The U.S. cotton fabrics would clearly be advanced in value
by the processes which you have described, and, therefore, the
country of origin of these surgical towels would be Jamaica.
The surgical towels would be properly classified in
subheading 6307.90.8710, HTSUSA, which provides for other made up
articles, other, other, surgical towels. The rate of duty
applicable to the surgical towels is 7% ad valorem. It should be
noted that this provision is not an eligible provision under the
Generalized System of Preferences (GSP) or the Caribbean Basin
Initiative (CBI). The textile category designation for these
articles is 369. Due to the changeable nature of quota
agreements, you are advised to contact your local Customs office
prior to any attempt to import, to determine the current status
of any textile agreements with Jamaica. Import restraints are
imposed by the U.S. Customs Serice under directives of CITA, U.S.

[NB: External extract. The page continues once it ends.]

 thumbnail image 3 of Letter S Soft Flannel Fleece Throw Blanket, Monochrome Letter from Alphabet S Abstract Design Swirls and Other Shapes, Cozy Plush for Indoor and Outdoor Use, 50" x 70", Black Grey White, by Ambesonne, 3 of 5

Department of Commerce, Washington, D.C. 20230. Further advice
or information pertaining to those agreements may be obtained
from the chairman of that Committee.
HOLDING:
Processes 1,2 and 3 which you describe do not result in the
substantial transformation of the fabric imported into Jamaica
from non-U.S. sources, and, therefore, these surgical towels
would not be considered products of Jamaica. However, surgical
towels processed, as described, from U.S. origin fabric are
considered products of Jamaica pursuant to 19 CFR 12.130(c).